Se isso realmente for uma nova tendência, é extremamente perigoso para o futuro da sociedade democrática, porque a democracia será apenas um show de entretenimento

 

Renato Janine Ribeiro, filósofo

 

As redes sociais representam um desafio a mais nessa questão. Se por um lado todos nós podemos produzir e receber conteúdo, por outro, se não houver responsabilidade, um boato pode ser espalhado para milhares de pessoas de forma rápida e em tempo real.

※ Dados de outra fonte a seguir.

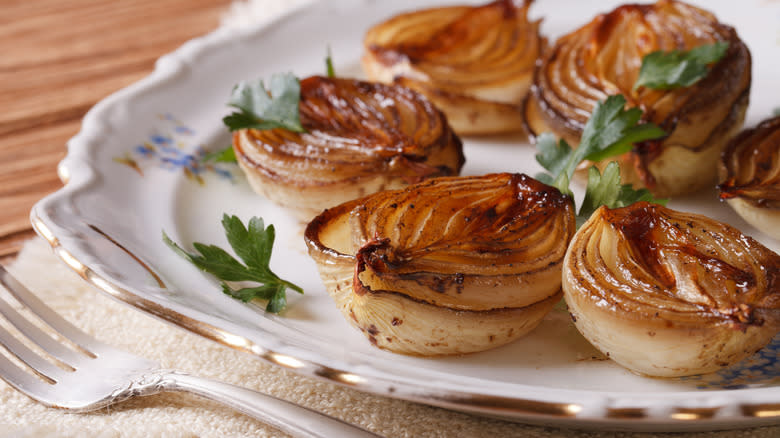 Grilled onions on a plate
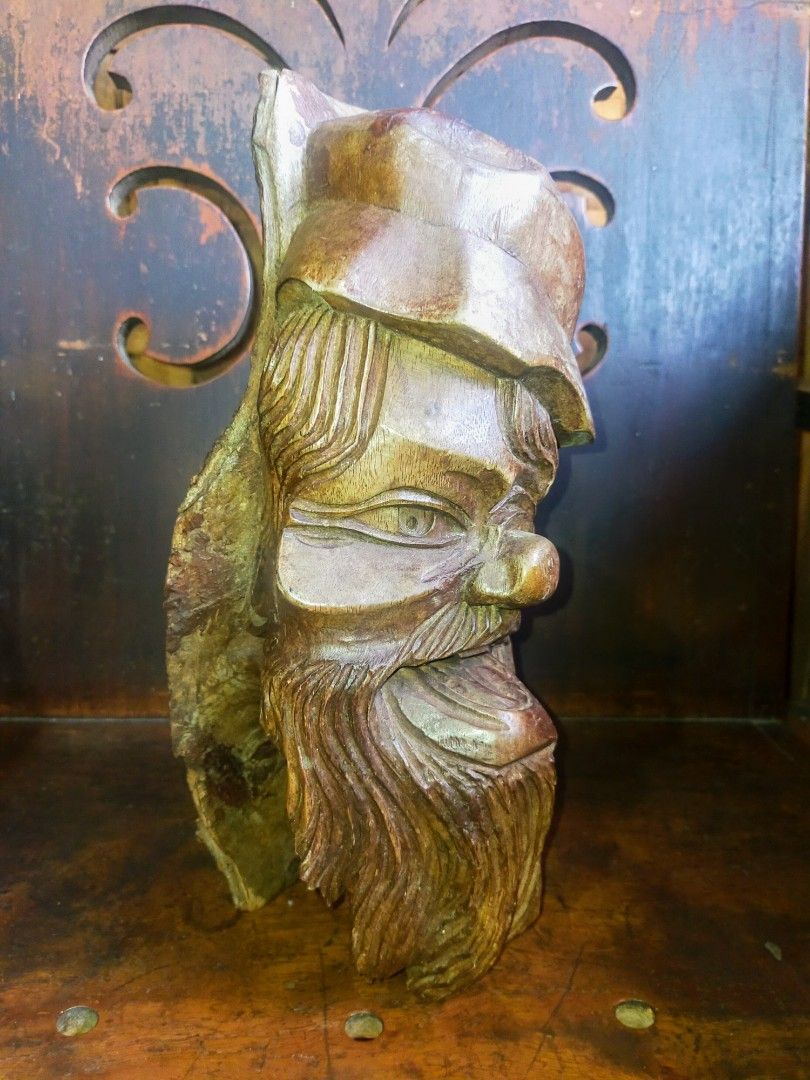 Vintage wooden trunk carving (Category: Vintage Collectibles) located in Quezon City. Submitted by dello5 (Listing ID 1248016988, Image 2). Description: wood trunk carving -12 inches tall 850php Tandang Sora QC.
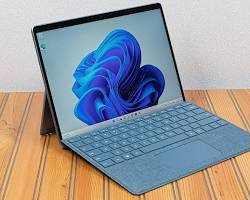 Microsoft Surface Pro 9 Core i7 12th Gen 16GB RAM 512GB SSD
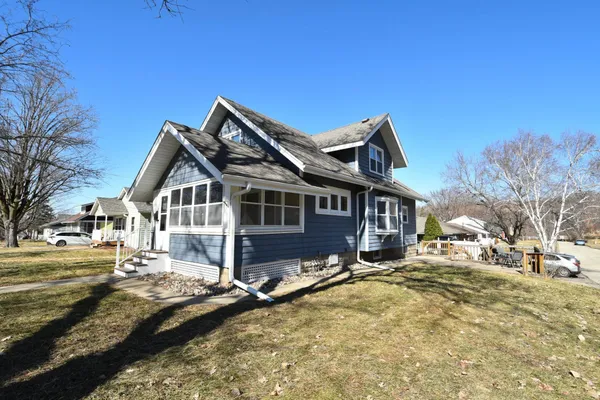 $330,000 | 1529 East Avenue, Red Wing, MN 55066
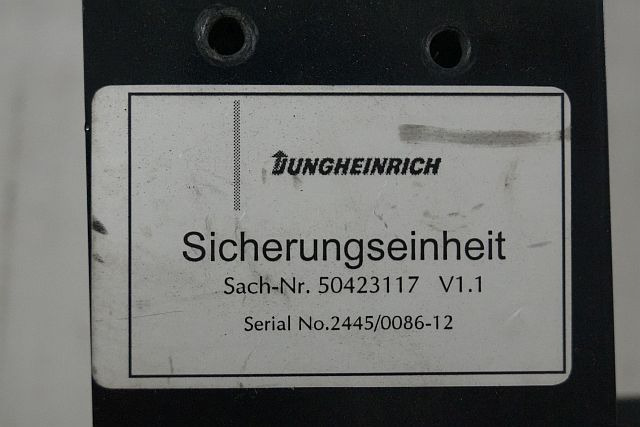 Jungheinrich 50423117 | Fuse holder for ETV from 2003 till 2011 V1,1 sn. 2445/00 Fuse holder for ETV from 2003 till 2011 V1,1 sn. 2445/0086-12 - נתיך עבור ציוד לטיפול בחומרים: תמונה 2 Jungheinrich 50423117 | Fuse holder for ETV from 2003 till 2011 V1,1 sn. 2445/00 Fuse holder for ETV from 2003 till 2011 V1,1 sn. 2445/0086-12 - נתיך עבור ציוד לטיפול בחומרים: תמונה 2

O problema aumenta quando a pessoa só se informa pelas redes sociais.

 

Em junho, o Facebook alterou seu algoritmo de forma a diminuir o alcance de postagens de sites noticiosos e privilegiar o de amigos. Esse mecanismo favorece que usuários tendam a receber conteúdos que corroboram seu ponto de vista. “Os algoritmos estabelecem um filtro das informações que cada um recebe. Esse foi um dos fatores que contribuiu para a grande profusão de notícias falsas em 2016. Elas eram agradáveis aos olhos daqueles grupos, tão agradáveis que sua veracidade (ou não) deixava de ser importante”, analisa Bucci.

 

Após serem acusadas de influenciar no resultado das eleições nos EUA, o Facebook e o Google anunciaram que vão combater sites que propagam notícias falsas, impedindo que estas plataformas utilizem seus serviços de publicidade. Além disso, vão trabalhar com grupos de checagem de fatos para atestar a veracidade de uma notícia. O Facebook também criou uma ferramenta para denunciar mentiras na rede e gerar um alerta para os usuários quando for detectado um fato mentiroso

 

Uma informação gera conhecimento, ajuda a construir uma opinião sobre determinado assunto e contribui para o debate público. “Mas nesses últimos anos, a política se transformou com o uso intenso do marketing, das redes sociais e da produção de narrativas”, afirma Janine Ribeiro.

 

Para ele, o jornalismo tradicional perdeu o espaço de mediação da informação e foi lento para reagir a fatos falsos. Nesse contexto, o internauta precisa estar cada vez mais atento e não acreditar em tudo. Já a imprensa, deve retomar seu papel de ser um agente de credibilidade. “Quando você passa a construir uma campanha com imagens falsas que agradam ao eleitor, ou você tem anticorpos poderosos dos eleitores contra essas imagens ou a imprensa deveria ser esse principal anticorpo. Caso contrário, a pós-verdade, a manipulação das mentes e a mentira deslavada acabam triunfando.”

 

A palavra do ano em 2015 foi, pela primeira vez, um pictograma, o emoji da “carinha com a lágrima de alegria”.